#### Brief:
Write out the entire listing below exactly as it appears, minus any pictures.

START Source material

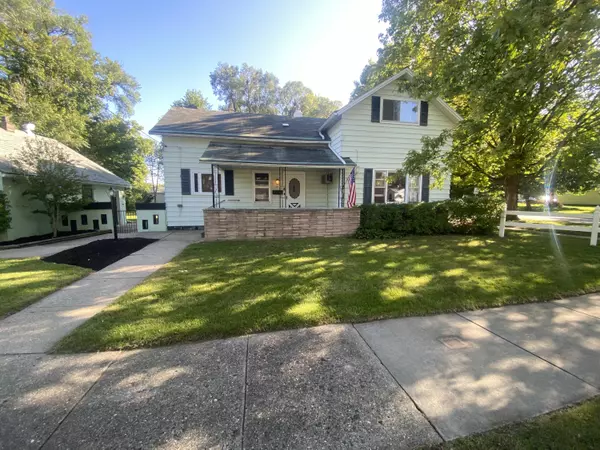 St. Johns, MI 48879,211 W Buchanan Street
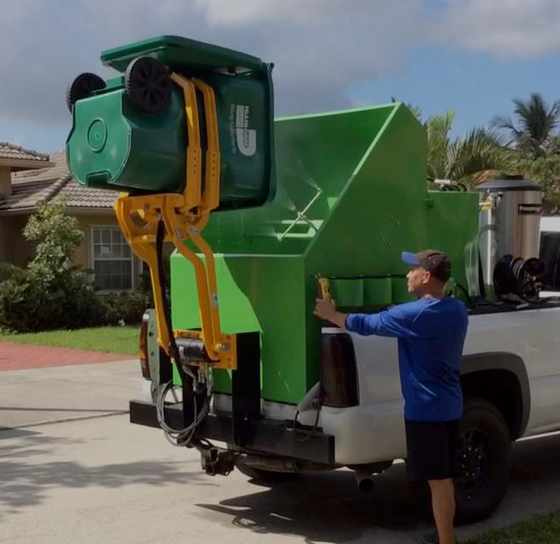 trash bin cleaning truck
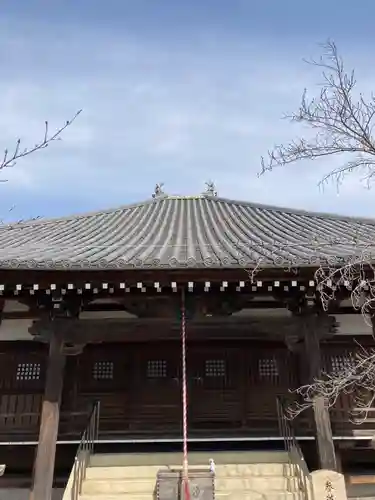 教信寺の本殿・本堂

END Source material

#### Expected answer:
 St. Johns, MI 48879,211 W Buchanan Street
 trash bin cleaning truck
 教信寺の本殿・本堂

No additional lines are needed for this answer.